More importantly, it didn't affect sales at all. Sw/Sh is the second best selling gen. The masses may have been disappointed, but overall don't really care. And for Smash, where the slipping quality of the Pokemon games won't be a problem, it will presumably also still review quite well. Because most reviewers aren't ass deep inside the Smash fandom and realize that games cutting content between titles is very normal. Especially fighting games.
It should. Nothing that a MK9 is going to add is going to make people happier than having 96+ courses does.
Unless they lean into the crossover angle. I can see people choosing fewer courses but an array of IP over a higher course count. Especially since it won't be 96 courses but it'll still be a good amount, and a lot of new ones, and from many series.

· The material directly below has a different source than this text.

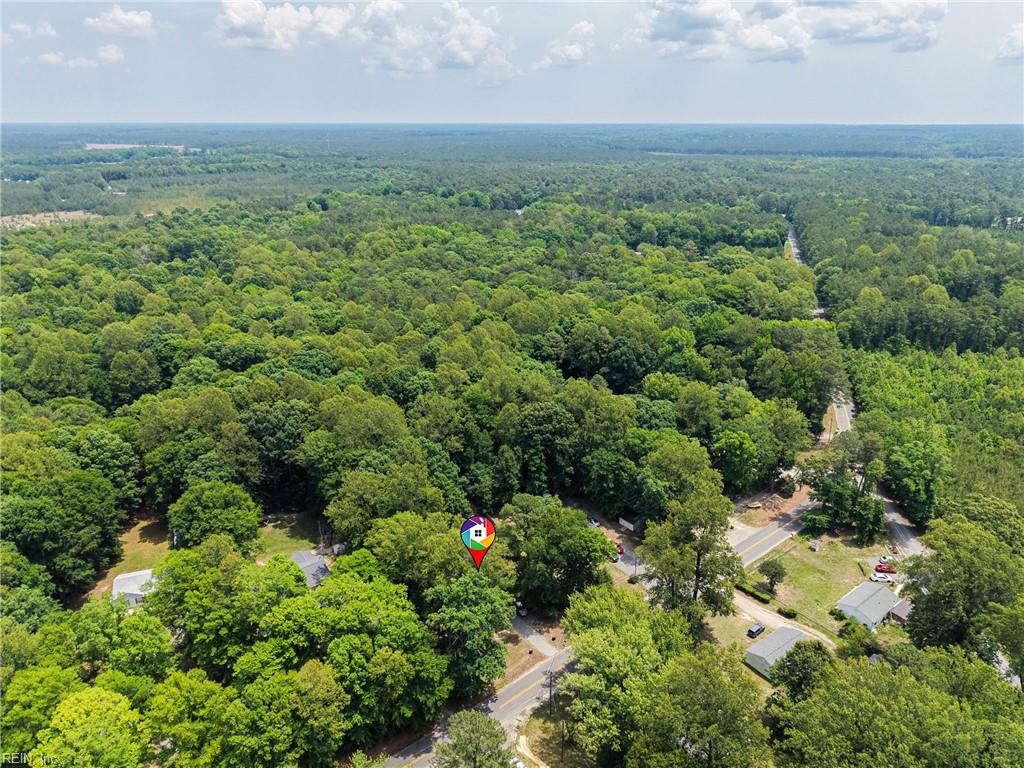 8729 Marlfield Road Gloucester VA 23061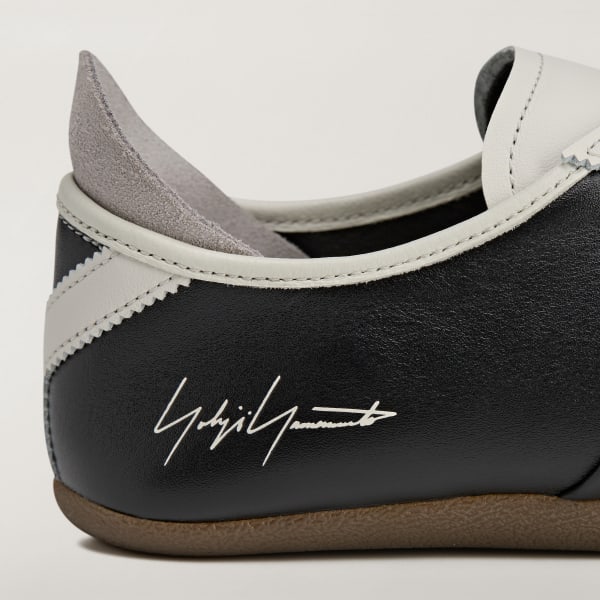adidas Y-3 Tokyo - Black | Free Shipping with adiClub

And MK is constantly restarting, cutting previous courses, and the fans have never made a big stink about it. Sure they wish for specific courses they like, but they know this is how it goes for MK, and they're fine with it. Which is how it often works across series that refresh.
I also wholeheartedly disagree that at this point the majority of fans would choose MK8 Deluxe Deluxe over an actual new Mario Kart.
They'd be better off making Mario Kart 8 Deluxe Deluxe.
No, they objectively wouldn't, because people aren't as likely to buy a version of something they already own than something new. Back when all Pokemon games had all the Pokemon (for the most part), the new games still sold better than the remakes. If you look at Street Fighter, the vanilla version of the title always sells better than the iterated updates.
And if there are exceptions to this, it's almost always due to a drastic difference in install bases. I.e., the reason Switch got away with it was because of how few people actually had the Wii U games (and because MK is still MK, it will still sell well even as a port). But now there are, what, like 60 million copies of MK8D out there? They're much better off making MKnext.
Plus, if what you were saying was true, there would never be business sense to start over, but that's what happens all the time. Why do you think they constantly restart these games? You're conflating dreams of the fanbase with the actual market and the realities of development.
Pokemon, Mario Kart and Smash are 3 of the most profitable series in all of video games. It's NOT unsustainable for them. Nintendo is just deciding not to pay to sustain it. Even though they easily could.
"It's not unsustainable if Nintendo abandons all precedent of the the budget size they allocate for these games and opt to continually reuse bases from architecture that will become literally decades out of date!"
And that's why it's unsustainable. Because they won't. You have to keep one foot in reality here.
They don't even need to because stuff like MK proves that the fanbase is fine with content turnover if it's the norm and Sw/Sh proves that doing so doesn't inhibit sales. I empathize with people not wanting to lose characters (I imagine I'll lose some of the ones I use), but that's just not realistic in the big picture.